━━━━━ LISTED RECORDS

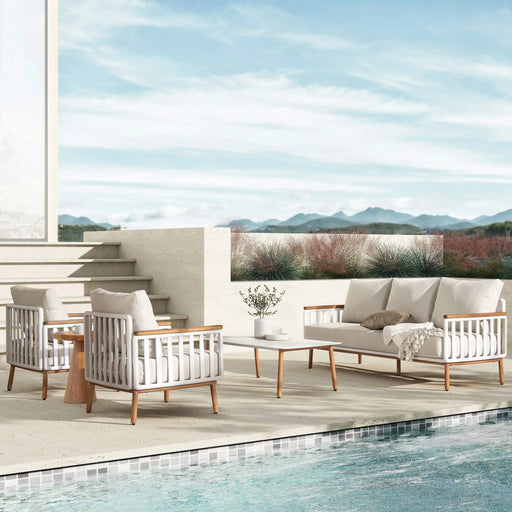 Calarono 29' Teak & Aluminum Patio Accent Arm Chair Set of 2 Sand Dune Chenille Default -DTYStore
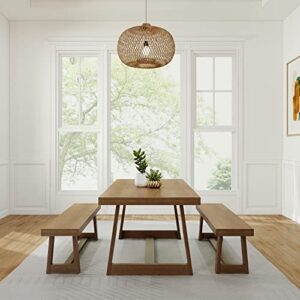 Plank+Beam Farmhouse Dining Table Set, Solid Wood Dining Table with 2 Benches for Dining Room/Kitchen, Pecan Wirebrush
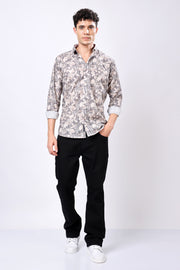 STYLOX Leaf Print Casual Full Sleeve Shirt
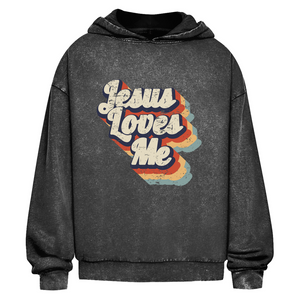Oversize Washed Hoodie jesus loves me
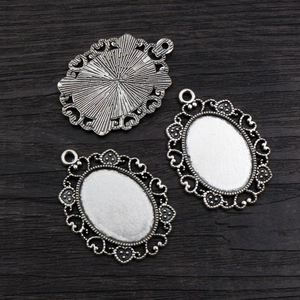 Bases para colgantes de flor de 18x25mm, aptas para cabujones ovalados de 18x25mm, base en blanco para engaste, suministros para fabricación de joyas y collares DIY - Product Image 2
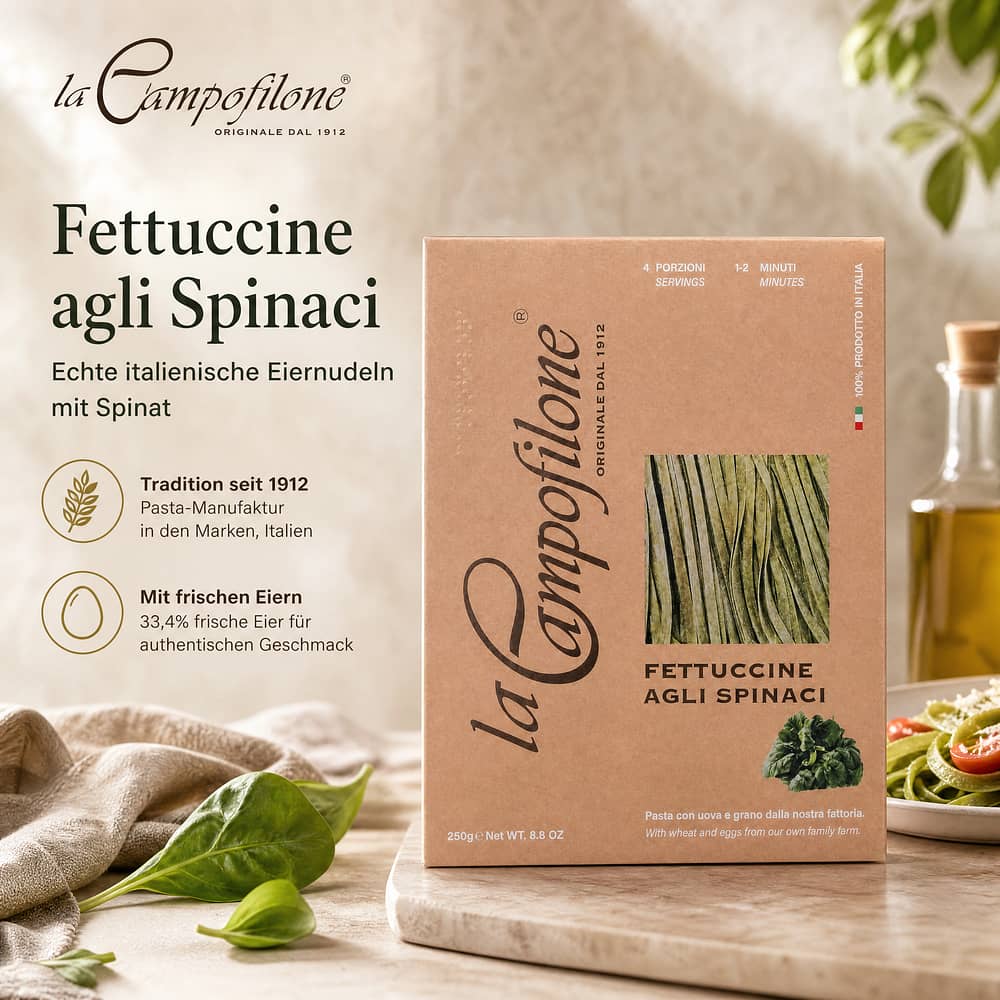 La Campofilone Fettuccine Eiernudeln mit Spinat 250 Gramm Produktbild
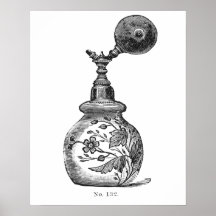 Black and white vintage perfume illustration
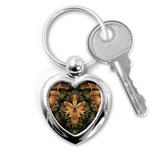 Beautiful Filigree Oxidized Copper Fractal Orchid Key Chains (Heart)  Front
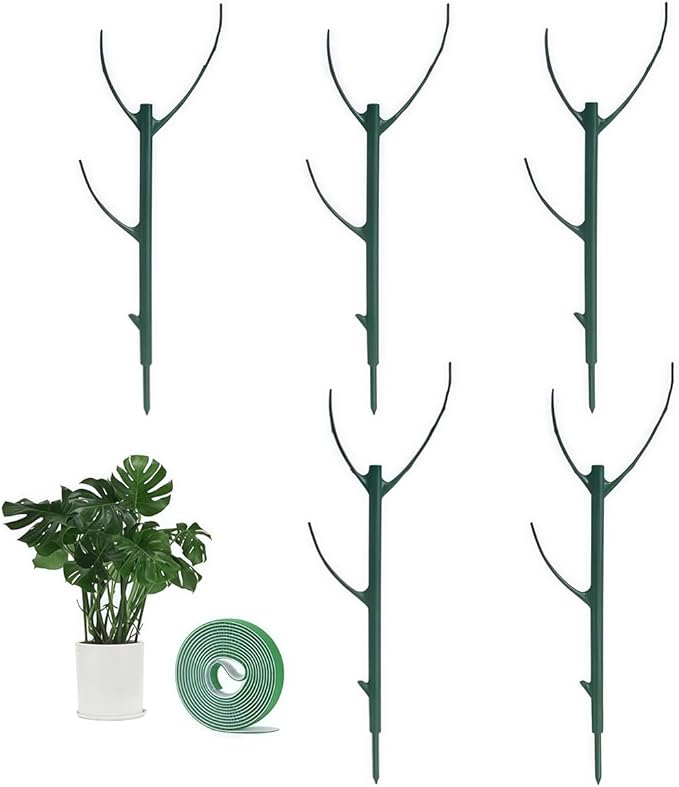 Plant Stakes for Indoor Plants, 5 Packs Stackable Monstera Plant Support, Plant Sticks Support Tall, Garden Accessories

━━━━━━━━━━

WHAT YOU WILL DO.
Rewrite the data above exactly as given, but omit the images.

OUTPUT BELOW.
 Calarono 29' Teak & Aluminum Patio Accent Arm Chair Set of 2 Sand Dune Chenille Default -DTYStore
 Plank+Beam Farmhouse Dining Table Set, Solid Wood Dining Table with 2 Benches for Dining Room/Kitchen, Pecan Wirebrush
 STYLOX Leaf Print Casual Full Sleeve Shirt
Oversize Washed Hoodie jesus loves me
 Bases para colgantes de flor de 18x25mm, aptas para cabujones ovalados de 18x25mm, base en blanco para engaste, suministros para fabricación de joyas y collares DIY - Product Image 2
 La Campofilone Fettuccine Eiernudeln mit Spinat 250 Gramm Produktbild
 Black and white vintage perfume illustration
 Beautiful Filigree Oxidized Copper Fractal Orchid Key Chains (Heart)  Front
 Plant Stakes for Indoor Plants, 5 Packs Stackable Monstera Plant Support, Plant Sticks Support Tall, Garden Accessories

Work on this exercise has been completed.